Shady voicemail???

iVillage Member
Registered: 08-30-2005
Shady voicemail???
2
Thu, 04-27-2006 - 5:59pm

i need advice re: my boyfriend. i really did it this time...i got myself in a jam and i don't know how to get out. well, for those of u who have followed my story--after i ended things with ex-fi i got back together with my only true love (we were together for 4 yrs and apart for 2)...we have been back for just about a year.
back in the fall, he did something stupid--went out with his friends after he left my house and never told me b/c he thought i would get mad--he stayed out really late and got caught b/c he didn't call me until the next afternoon. (we always text message each other @ work in the morn and then email--i also know his cell phone code--which he doesnt know about--so i got the 411 from there)...i have some trust issues to start but that incident brought them to the surface...

i spoke to my therapist and he told me in the big scheme of things it's not a big deal, he screwed up but apologized left and right...i even took a 2 day break etc etc...shortly after that i would periodically check his voicemail b/c i didn't trust completely that he wasn't going out late at night.

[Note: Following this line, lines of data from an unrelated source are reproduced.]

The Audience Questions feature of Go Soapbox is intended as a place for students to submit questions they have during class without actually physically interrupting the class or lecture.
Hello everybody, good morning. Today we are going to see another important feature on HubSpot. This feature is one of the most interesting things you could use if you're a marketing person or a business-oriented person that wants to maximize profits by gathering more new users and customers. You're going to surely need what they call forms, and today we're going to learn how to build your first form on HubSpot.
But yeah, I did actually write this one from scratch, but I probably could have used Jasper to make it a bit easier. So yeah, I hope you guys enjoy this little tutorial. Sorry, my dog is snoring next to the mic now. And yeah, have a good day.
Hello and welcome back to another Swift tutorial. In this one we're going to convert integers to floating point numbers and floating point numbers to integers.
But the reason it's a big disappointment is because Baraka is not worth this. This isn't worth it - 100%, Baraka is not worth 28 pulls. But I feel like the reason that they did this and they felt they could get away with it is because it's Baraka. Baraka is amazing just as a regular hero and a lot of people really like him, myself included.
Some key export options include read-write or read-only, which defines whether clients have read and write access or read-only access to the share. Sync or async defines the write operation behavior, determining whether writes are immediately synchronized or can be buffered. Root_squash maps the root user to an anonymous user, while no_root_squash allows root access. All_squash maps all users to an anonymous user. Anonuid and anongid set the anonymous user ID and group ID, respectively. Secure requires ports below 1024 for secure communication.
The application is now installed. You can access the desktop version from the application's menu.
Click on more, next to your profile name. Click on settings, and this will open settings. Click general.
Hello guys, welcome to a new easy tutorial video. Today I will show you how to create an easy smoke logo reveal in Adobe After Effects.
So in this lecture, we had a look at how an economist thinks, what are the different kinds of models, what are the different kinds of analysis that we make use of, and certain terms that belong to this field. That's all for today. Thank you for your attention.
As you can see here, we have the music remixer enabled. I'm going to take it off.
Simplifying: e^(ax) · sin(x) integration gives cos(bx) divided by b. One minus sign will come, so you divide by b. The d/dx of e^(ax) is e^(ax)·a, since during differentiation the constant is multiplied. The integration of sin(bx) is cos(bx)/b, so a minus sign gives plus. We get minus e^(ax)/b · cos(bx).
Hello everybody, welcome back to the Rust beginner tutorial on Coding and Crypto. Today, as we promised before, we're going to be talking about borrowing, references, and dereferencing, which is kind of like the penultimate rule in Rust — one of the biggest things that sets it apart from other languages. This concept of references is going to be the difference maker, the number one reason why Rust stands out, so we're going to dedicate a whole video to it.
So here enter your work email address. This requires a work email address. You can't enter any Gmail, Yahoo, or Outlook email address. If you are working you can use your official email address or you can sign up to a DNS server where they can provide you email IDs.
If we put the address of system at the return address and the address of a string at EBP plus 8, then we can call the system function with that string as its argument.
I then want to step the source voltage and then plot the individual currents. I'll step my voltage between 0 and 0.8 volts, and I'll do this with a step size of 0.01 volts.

the checking of his phone decreased and eventually i stopped. i got most of my trust back...until today, ughh! i didn't get my text early this morning...so i called his phone and decided to check his messages, BIG MISTAKE!

u heard work voicemails and then i heard what sounded to be a professional woman, "it's so and so, it's 12:00 on thursday, sorry i missed ur call, etc etc...but @ the end she says...maybe we can chill out later if u want to"...well my stomach dropped to the floor. it could very well be someone in his industry--we frequently go to happy hour so he can network, he has a million clients, i am constantly meeting new people with him, etc etc..

but the fact is, i CAN'T ask him about it b/c he would kill me and probably end our relaitonship if he knew i was checking his messages. i am so sorry i did it b/c what could be an innocent message has me going crazy!!!

when we finally got in touch today, around 12, he had been on an appointment all morning and couldnt contact me. so i got insecure about his wherabouts b/c of the incident back in the fall...

i gave him a MAJOR attitude today which he is not appreciating at all...but i cant tell him why! now i want to check his messages like a mad woman and look @ his phone when i see him later.

i need help with this if anyone can relate--i feel like an emotional lunatic! my therapist told me a longggggggg time ago to stop checking his messages b/c it can only destroy things. what may be innocent may not sound so....but what if it ISN'T innocent.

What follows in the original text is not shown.